Erst sind es nur winzige, reglose grau-schwarze Punkte am Horizont. Dann lassen sich durchs Fernglas erste Bewegungen erkennen, zaghaft, linkisch, verletzlich, wie es sie nur kurz nach dem Erwachen gibt. Die ersten Kraniche staksen aus dem Wasser an Land. Gefieder wird geputzt, der eine oder andere schüttelt sich. Mit einem Mal ist es aus mit der Nachtruhe, die trompetenden Rufe signalisieren Aufbruch. Ein klarer, sonniger Morgen. Die ersten Kraniche heben ab. Majestätische 2,20 Meter Flügelspannweite werden ausgefahren, Körper und Beine langgestreckt. Erst in Gruppen zu dritt oder fünft wird losgeflogen, „gerudert“, berichtigt Kranichexperte Nowald, „Kraniche sind aktive Ruderflieger“, dann in immer größeren Scharen. Nebeneinander, hintereinander, in Zickzack- Formationen, Kreisen und Schlangenlinien fliegen die Kraniche dahin, ohne sich jemals in die Quere zu kommen.
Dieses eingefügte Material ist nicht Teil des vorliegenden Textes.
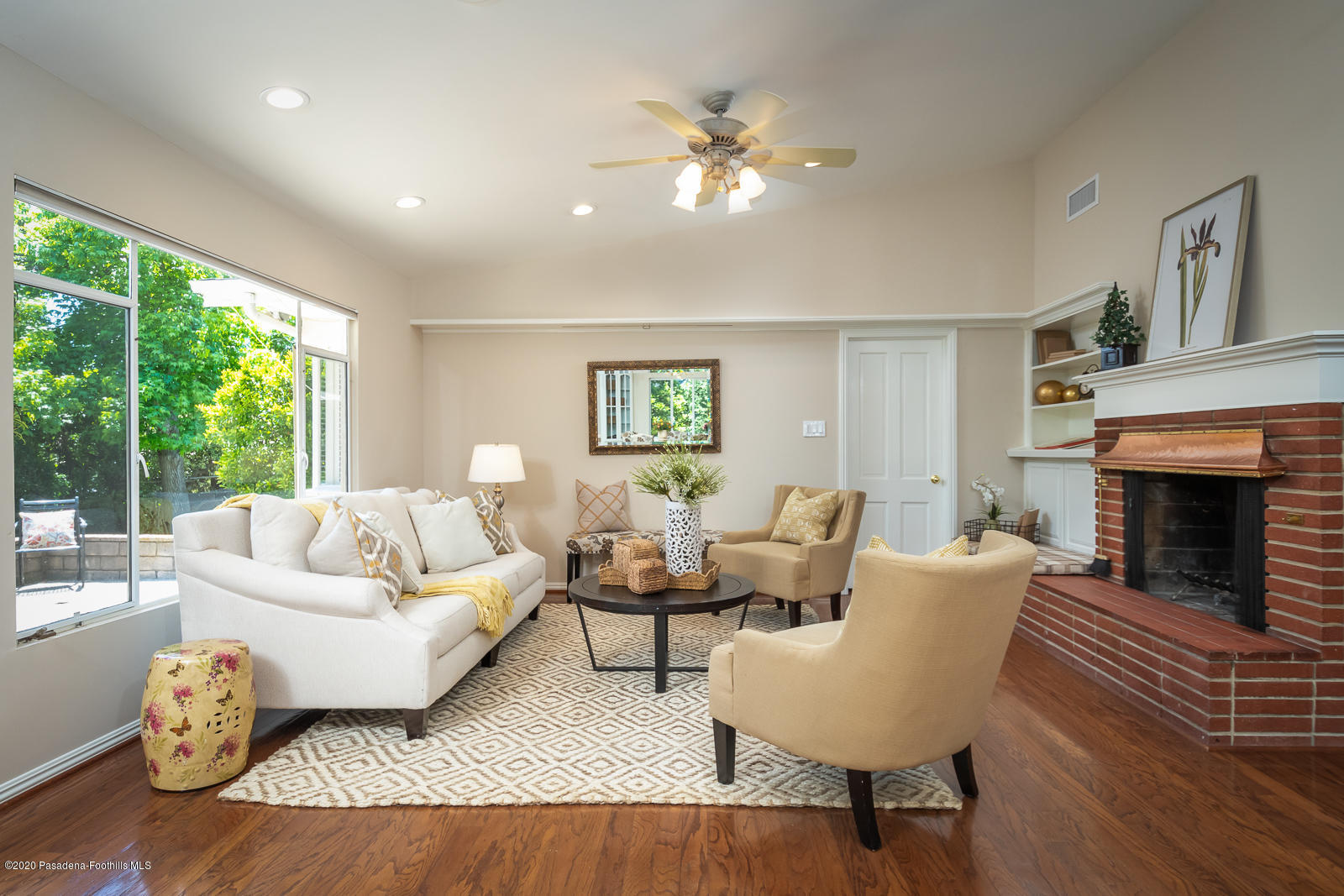 820 Chehalem Road La Canada Flintridge, CA 91011 - Photo 12 of 59 a living room with furniture and a fireplace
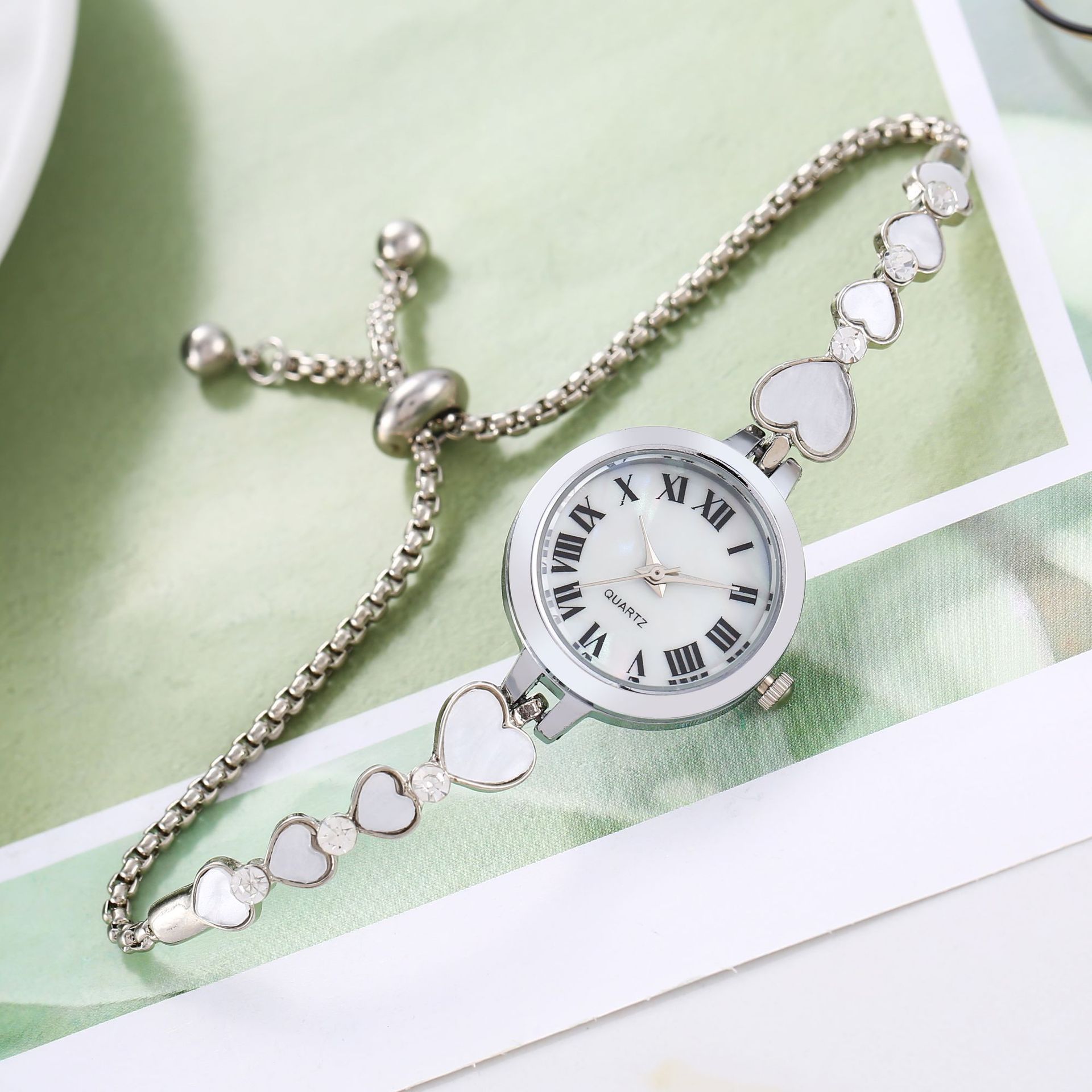 Mujeres con corazón pulsera reloj rhinestone Shell pequeño dial pulsera reloj retráctil ajustable reloj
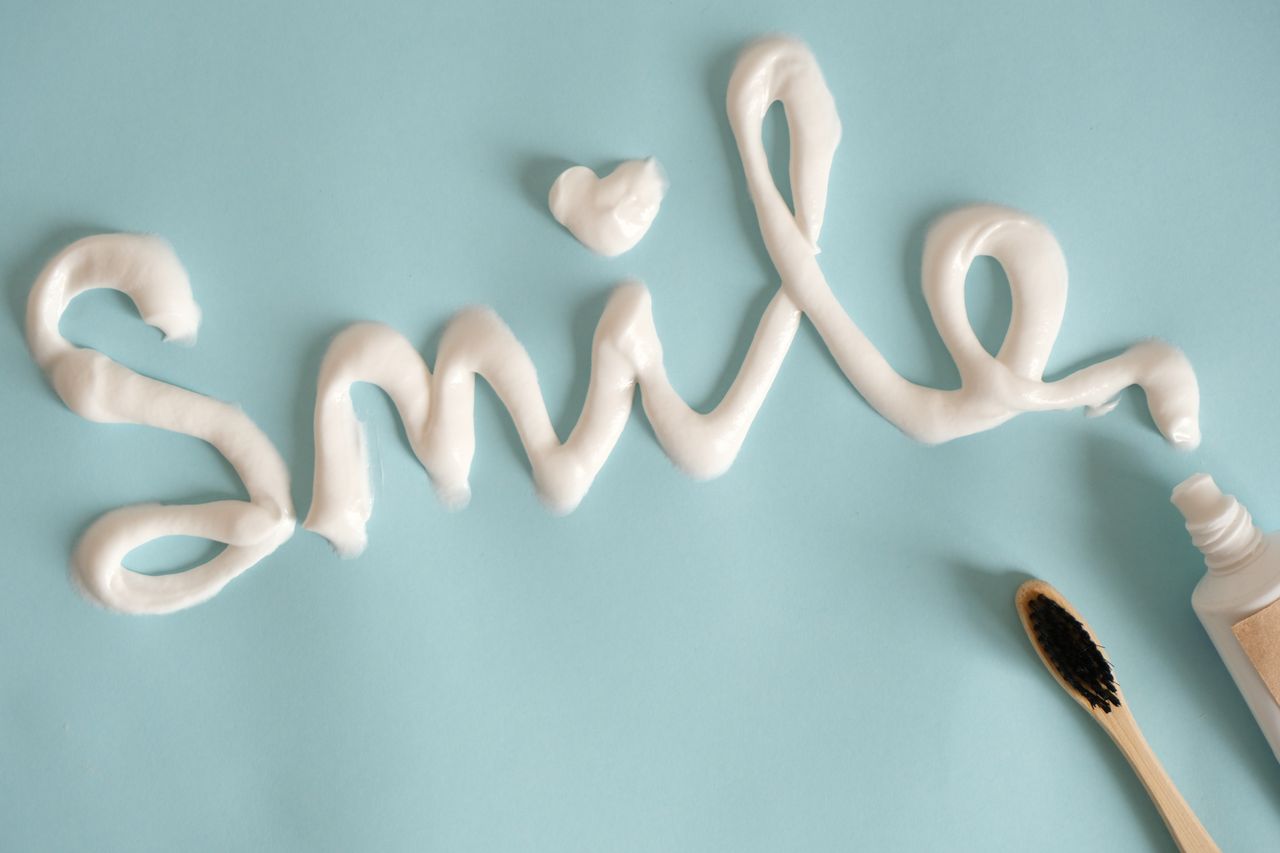 hero-services Toothpaste spelling 'Smile' on turquoise surface with toothbrush.
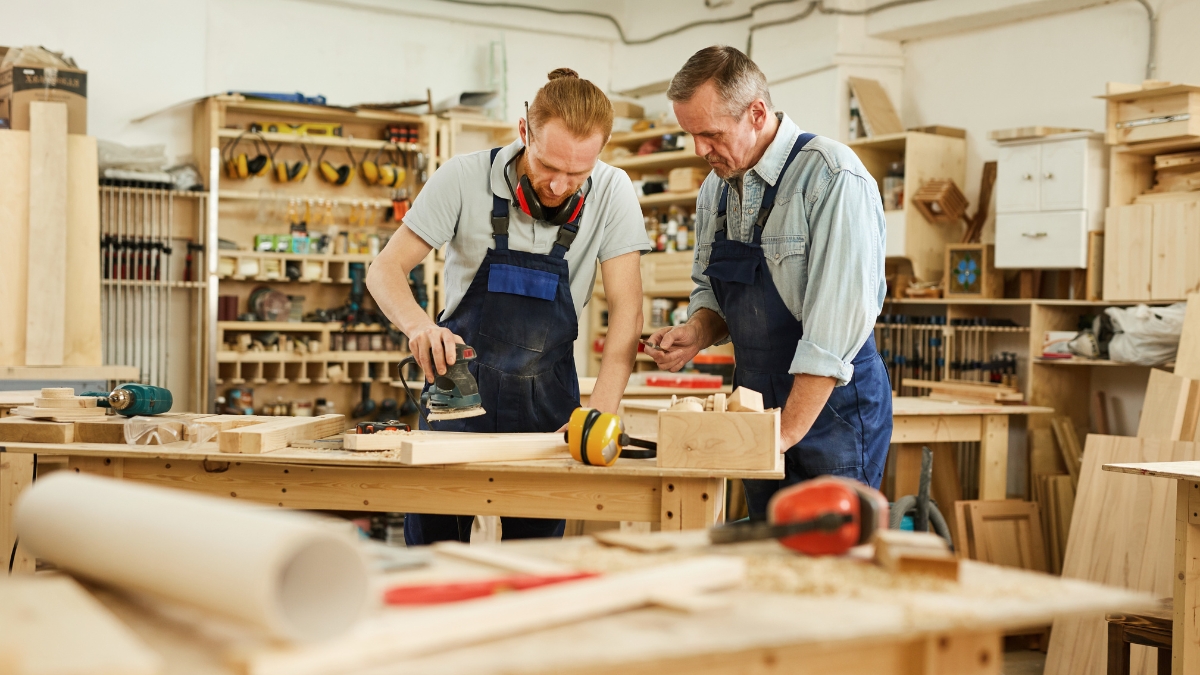 Two men in a woodworking shop using tools and sanding a wooden project at a workbench.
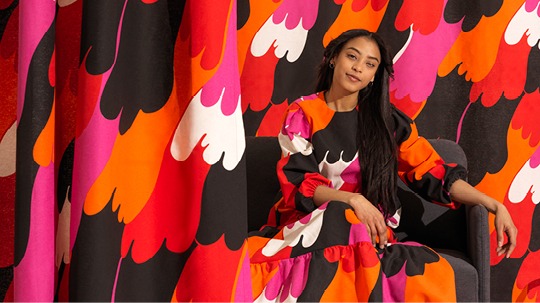 Mörkhårig ung kvinna i klänning med färgglatt mönster i orange, vitt, rosa, rött och svart.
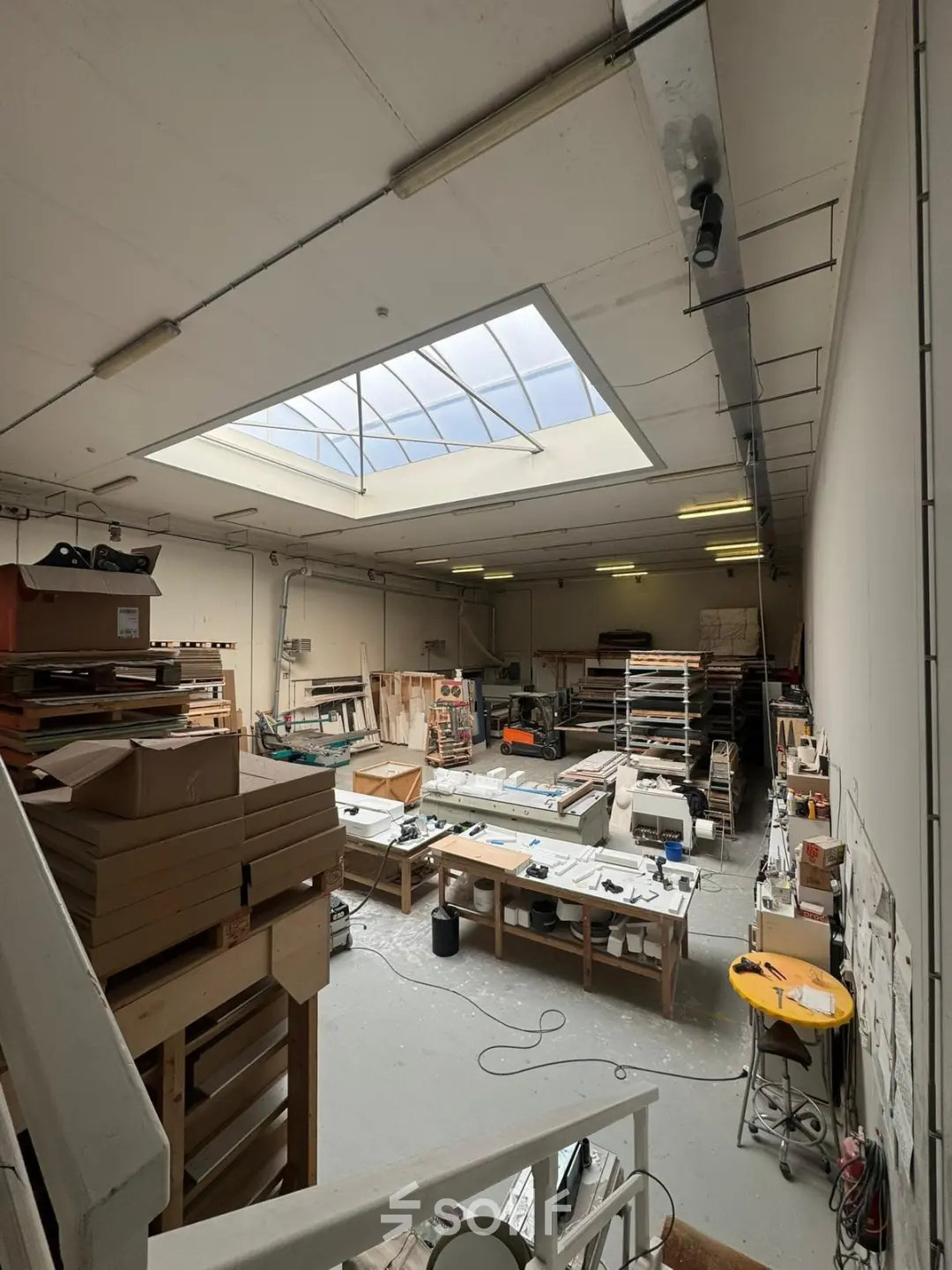 Spacious office space for rent at Van Helmontstraat 17-23 in Rotterdam Delfshaven, featuring a skylight and ample worktable surfaces.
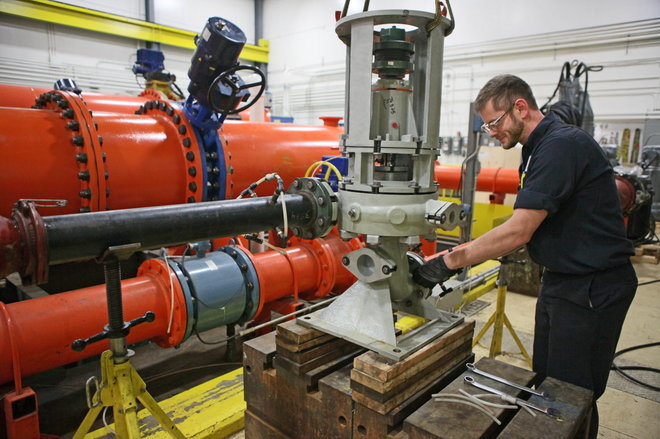 An assembly technician works on Xylem equipment at a production facility. An assembly technician works on Xylem equipment at a production facility.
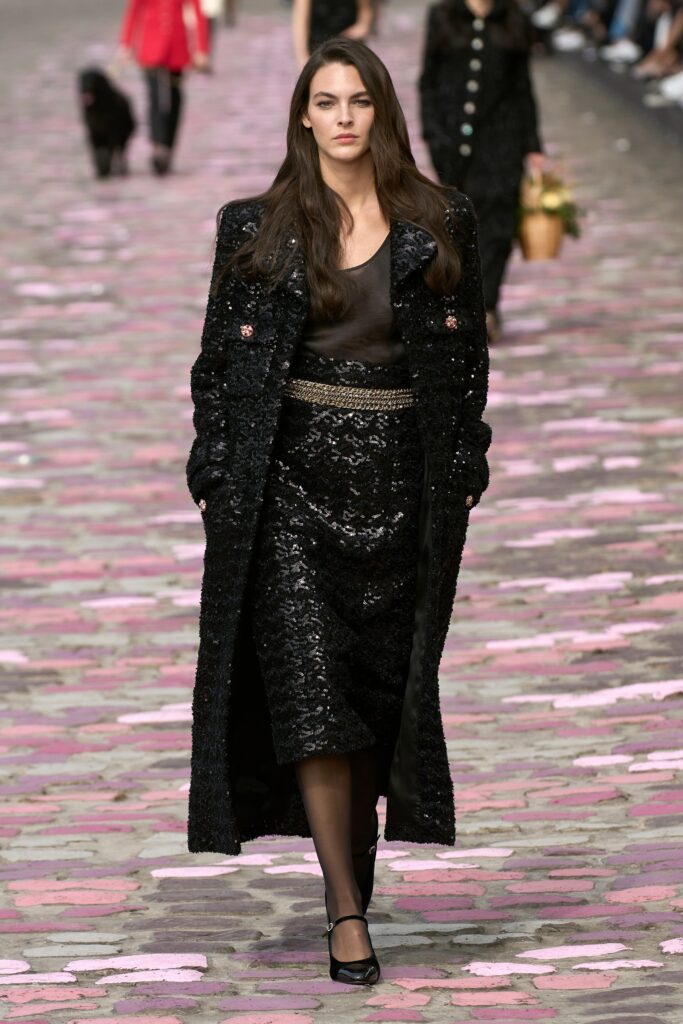 A fitted black sequined dress with a V-neckline and layered pencil silhouette, topped with a long-sleeve coat.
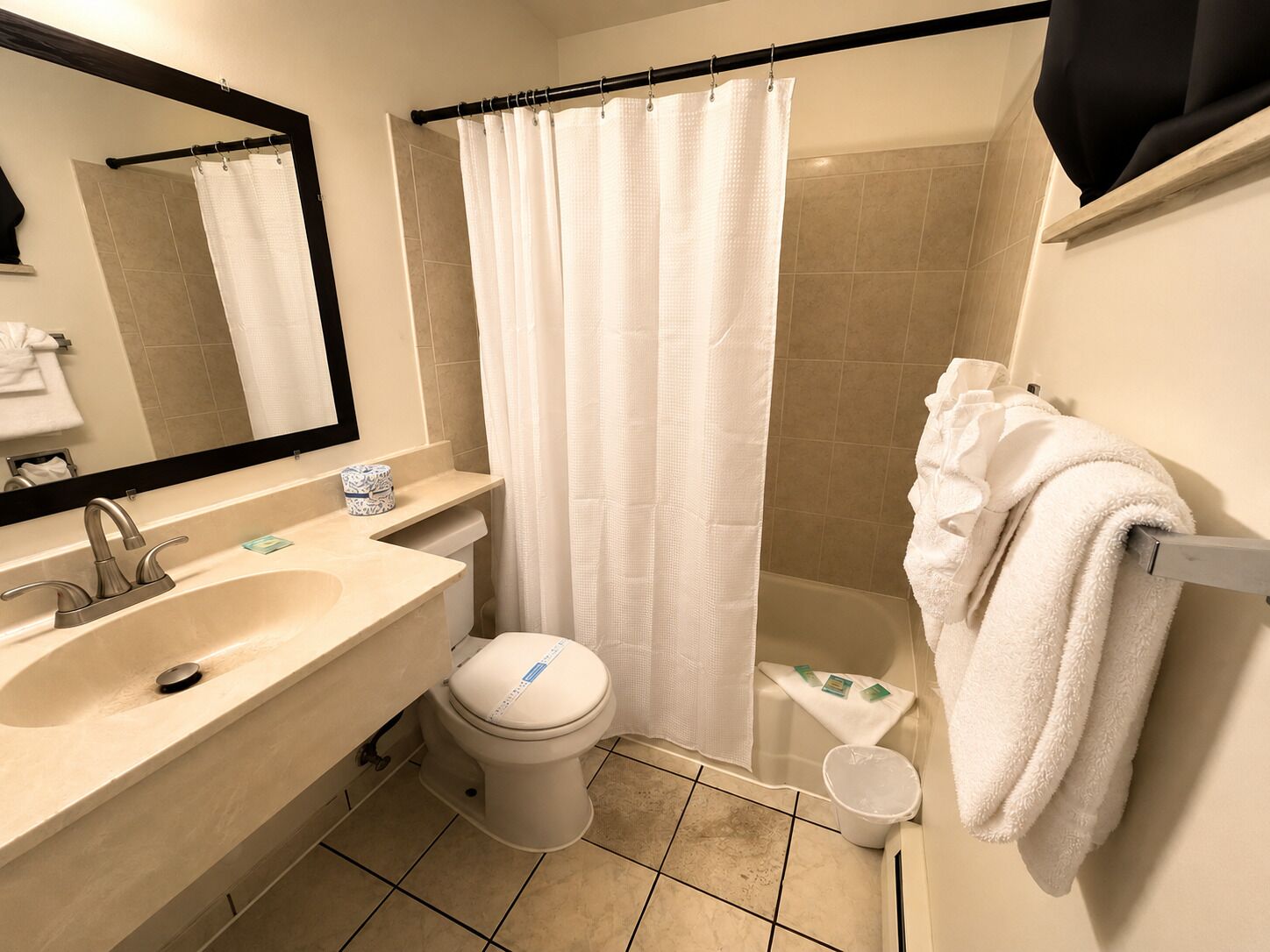 A bathroom with a sink, toilet, and shower curtain.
Es ist laut wie auf einem Basar, und plötzlich sind sie da: 20.000 Kraniche am Himmel und keine Worte, sie zu fassen.

Ihr fragt, wie lange sind sie

schon beisammen?

Seit kurzem.

Und wann werden sie sich

trennen?

Bald.

So scheint die Liebe

Liebenden ein Halt.

Viel Zeit ist vergangen. Da fällt es ihm ein. „Es geht um das Nebeneinanderherfliegen. Ich glaube, das war dem Brecht wichtig.“ Sie weiß es schon. Jedes weitere Drängen auf einen gemeinsamen Besuch bei den Kranichen wäre, um im Bild zu bleiben, einer Störung des Flugraums gleichgekommen.